July 1999: For the second text, I started the glossary from Bright's Anglo-Saxon Grammar. Performing OCR gave such degraded results that I decided that the text needed to be hand-typed. I asked for volunteers on the ANSAXNET mailing list to each type a few pages; I snail-mailed xeroxed pages to volunteers, and they emailed me back the online text. The project was a fast success; volunteers quickly covered the whole text. I realized that volunteer effort on the Internet could make a lot of things happen. On the other hand, I also realized that getting volunteers to follow any kind of standard on anything is a real difficulty.
October 1999: I researched data entry options for Bosworth/Toller, as well as data formats such as TEI.
January 2000: I submitted a proposal to the National Science Foundation to fund the correction of Fick/Falk/Torp and of Clark Hall. In May, I got word that the proposal had not been funded, although the comments were positive and seemed to encourage re-applying.
October 2000: I scanned Fick/Falk/Torp.
March 2001: I performed OCR on Fick/Falk/Torp and started the global corrections.
Around this same time, I became aware of Cleasby/Vigfusson. I had originally planned to digitize Zoëga's student dictionary of Old Icelandic, but as it came clear that Cleasby/Vigfusson is the much more comprehensive work, my priority shifted to Cleasby/Vigfusson.
Summer 2001: I and my colleagues obtained a Joel Dean grant to fund the scanning of Bosworth/Toller. The scanning and preliminary OCR were finished that summer by Jason Burton.
Summer 2001: I started hand corrections of Fick/Falk/Torp.
July 2001: I submitted a second proposal to the National Science Foundation, this time to fund the correction of Fick/Falk/Torp and Bosworth/Toller. In January 2002, I got word that the proposal had not been funded, although the comments were once again positive.
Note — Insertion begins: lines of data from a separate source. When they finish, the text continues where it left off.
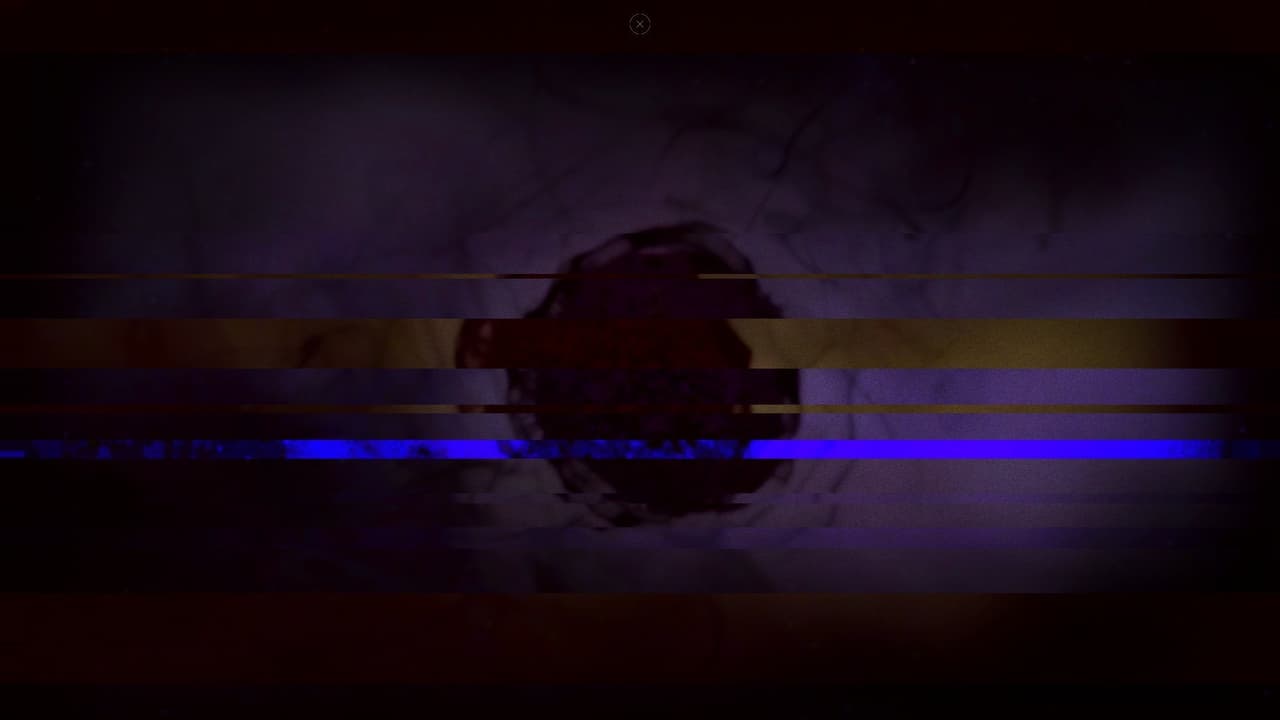Cyrano Story screenshot 4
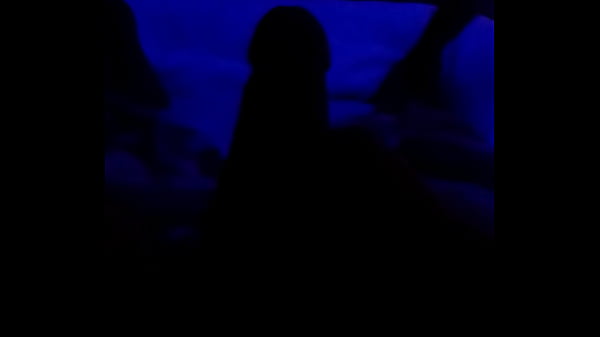 20160802 224832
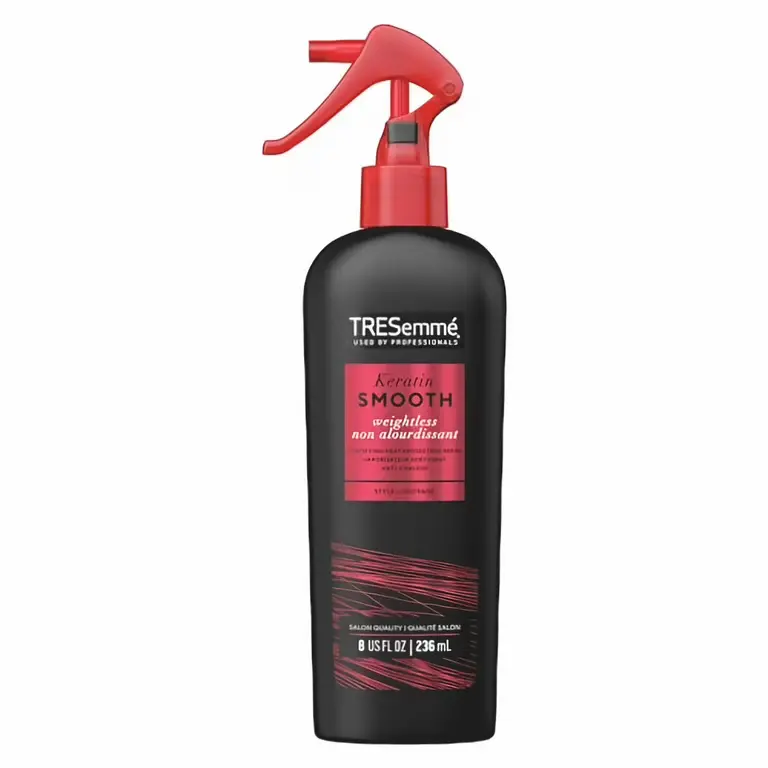Tresemmé Thermal Creations Heat Tamer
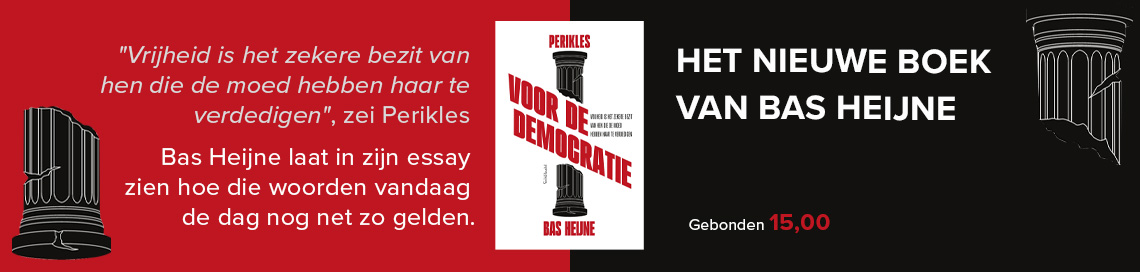 Bas Heijne 1140X272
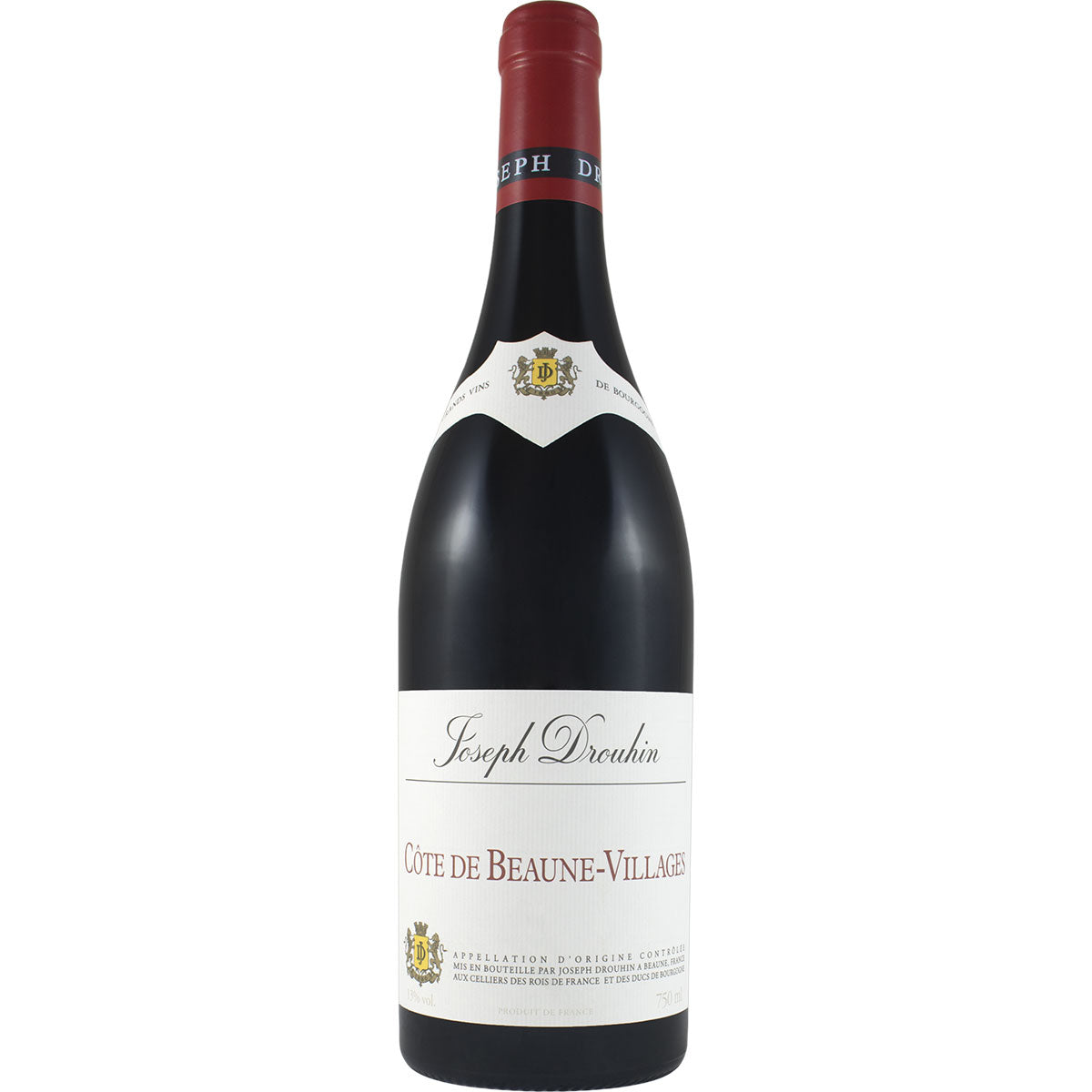 Village вино. Beaujolais-Villages, Joseph Drouhin. Божоле Вилляж Жозеф Друэн. Joseph Drouhin вино. Вино Beaujolais Villages 2020.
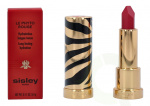 Sisley Le Phyto Rouge Long-Lasting Hydration Lipstick 3.4 gr #23 Rose Delhi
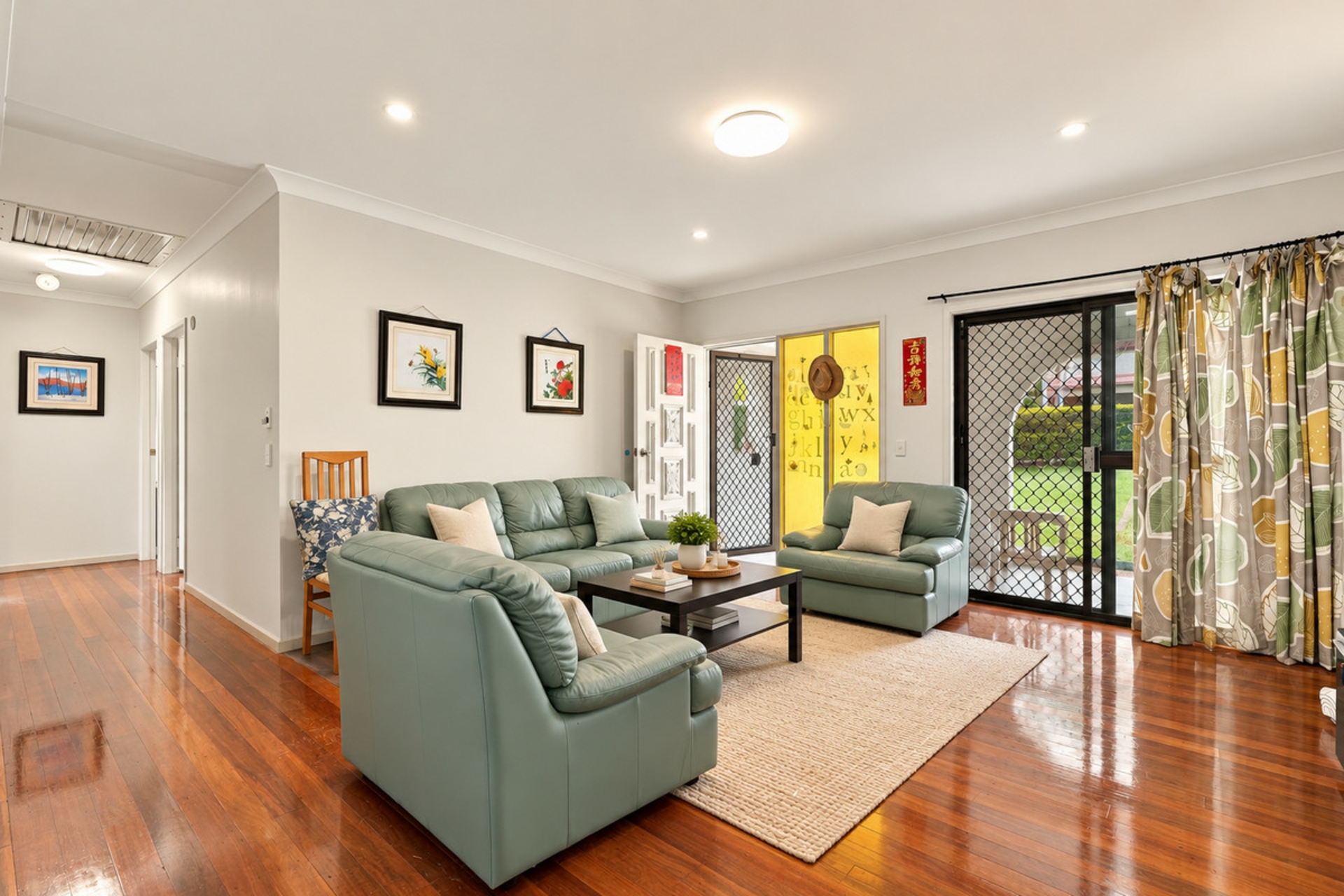 13 Heathfield Street — photo 6 of 30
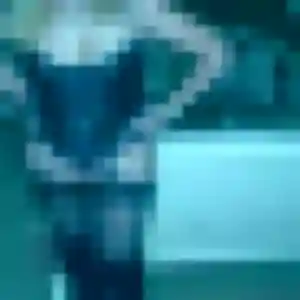 Aïcha, 29 ans, disponible à Chamblet pour un plan cul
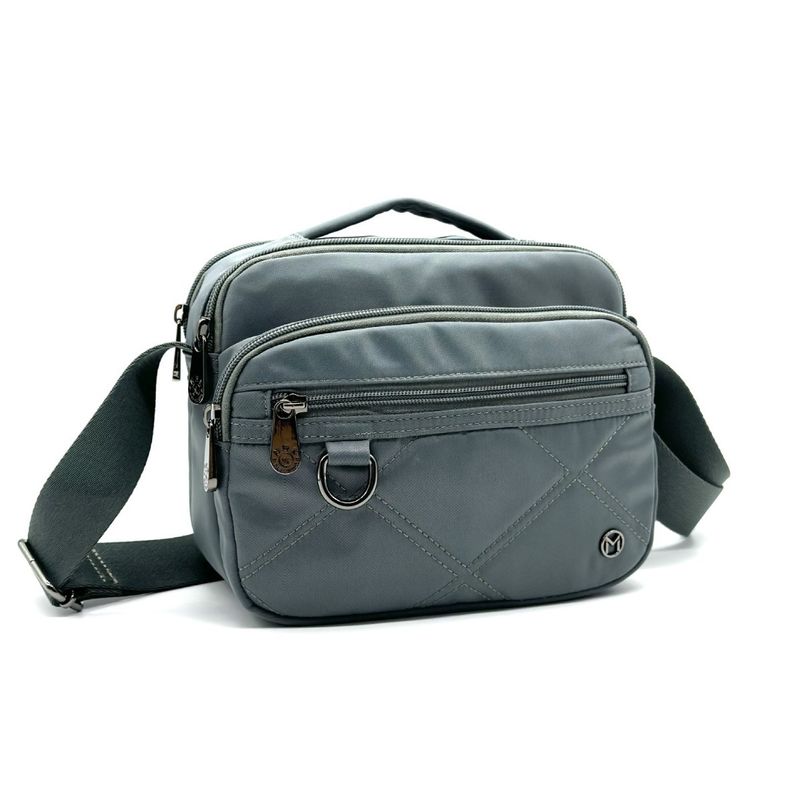 2024 Single Shoulder Ins Fashion Versatile Handheld Women's Large Capacity Crossbody Bag_voghion.com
Summer 2002: I and my colleagues obtained a Joel Dean grant to fund a student to write special software to make thousands of automated corrections in the uncorrected text of Bosworth/Toller. This work was done by B. Dan Fairchild.
January 2003: I submitted a third proposal to the National Science Foundation to fund the correction of Bosworth/Toller and Cleasby/Vigfusson (CHECK). In June, I got word that the project had been turned down for the third time. The comments were once again positive, but at this point I gave up on the NSF.
January 2003: I submitted a proposal to the American Scandinavian Foundation to fund the scanning (but not OCR or correction) of Cleasby/Vigfusson. The funding was approved in March.
Spring 2003: Rebecca Kuipers scanned Cleasby/Vigfusson, post-processed the images (in preparation for their inclusion in the PDF files for the web-based correction system), and corrected the page headers text.
April 2003: I finished hand-correction of Fick/Falk/Torp.
June 2003: I submitted a proposal to the National Endowment for the Humanities to correct Bosworth/Toller and Cleasby/Vigfusson. In March 2004, I got word that the project had not been funded, although the comments were once again positive as they had been on three occassions with the NSF.
Summer 2003: Margaret Hoyt post-processed the scanned images for pages b0400-b1000 of Bosworth/Toller. I post-processed the others. This was necessary as a part of creating the PDF files for the web-based correction system. Grace Mrowicki and Michael O'Keefe corrected some pages.
Summer 2003: I performed OCR on Cleasby/Vigfusson. Michael O'Keefe did a great many global corrections on the text, and hand-corrected the first dozen pages.
September 2003: I wrote a preliminary DTD for Fick/Falk/Torp and converted the document to a preliminary valid XML form.
October 2003: I wrote a web-based search engine for Fick/Falk/Torp, Cleasby/Vigfusson, and Bosworth/Toller.
August 2004: After poking at the programming project for a long time, and a summer of more intensive hard work, I finally released the web-based volunteer correction system to the public.